Lyrikzeitung / Lyrikpost treten in eine dreiwöchige Sommerpause. Hier also die letzten Nachrichten – und voran ein Gedicht, das sich mir – warum auch immer – jetzt aufdrängt. Es stammt von einem französisch schreibenden ägyptischen Dichter koptischer Herkunft. Er heißt Georges Henein (1914 – 1973).
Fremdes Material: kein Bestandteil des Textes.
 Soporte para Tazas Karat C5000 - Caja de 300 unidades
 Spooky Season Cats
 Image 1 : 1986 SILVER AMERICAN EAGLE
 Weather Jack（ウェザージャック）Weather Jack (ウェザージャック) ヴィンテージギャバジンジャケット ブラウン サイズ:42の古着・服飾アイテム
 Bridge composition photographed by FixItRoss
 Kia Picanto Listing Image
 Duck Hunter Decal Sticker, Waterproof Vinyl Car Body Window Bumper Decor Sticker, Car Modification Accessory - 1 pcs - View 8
Gefunden in: Das surrealistische Gedicht (der rote „Surrealismusziegel“) S. 557. Ein Gedicht, bei dem ich auch bitte die Anmerkung mitzulesen.

Sonia Araquistáin

grabt
und es wird ein Lächeln sein
ein Grabeslächeln
für die die das Leben beim Wort nehmen
grabt
und der Staub wird euch zu Herzen gehen
und ihr geht mit dem Herzen im Staub
während die Liebe säumt
reglos am Fensterkreuz der Weigerung

grabt
und es wird Himmel sein
es wird vielleicht Himmel sein
vielleicht die Teilung der Arten
oder der herzzerreißende Geschmack nach Regen
grabt
auf das diese Frau den Fächer ihres Sturzes entfaltet
auf daß sie für immer die Trägheit des Raumes ohrfeigt
auf daß ihr schönes Gesicht aus geborstnem Kristall
sich dem Festland vermählt

grabt
und es wird die einsamsten Augen der Welt geben
und auf dem fröstelnden Boden der Allee
eine Fremde unverhofft wie ein Fenster
grabt diesen Augen einen unmöglichen Blick
grabt unsren Namen in unsere Nacht
grabt für uns.

 

In der Anlage schicke ich Ihnen … ein Gedicht, das Sonia Araquistáin gewidmet ist. Sonia Araquistáin hat im September in London Selbstmord begangen, indem sie sich entkleidet aus dem dritten Stockwerk gestürzt hat. Da dieser Selbstmord dem niederträchtigen englischen Brauch gemäß Anlaß zu einem Prozeß gegen die Verstorbene war, wobei der Staatsanwalt eine unverhoffte Gelegenheit fand, alles verächtlich zu machen, was es an Poesie auf dieser Welt noch gibt, haben einige Freunde und ich beschlossen, als Antwort darauf eine internationale Huldigung für Sonia Araquistáin zu organisieren. Aber es scheint, daß dieses Vorhaben infolge der Kommunikationsschwierigkeiten, die zwischen Ländern und vor allem zwischen Kontinenten noch bestehen, sich verzögert. G.H.

/ 31.7.03

2 Comments on “Liebe Lyrikfreundinnen und -freunde in aller Welt,

  1. Wer hat es übersetzt? Schönes Gedicht. Worum es geht, was in der ‚realen Welt‘ dahinter steht, kann man ahnen. Die Anmerkung ist sehr interessant und berührend. Aber die Musik des Gedichtes besteht auch allein.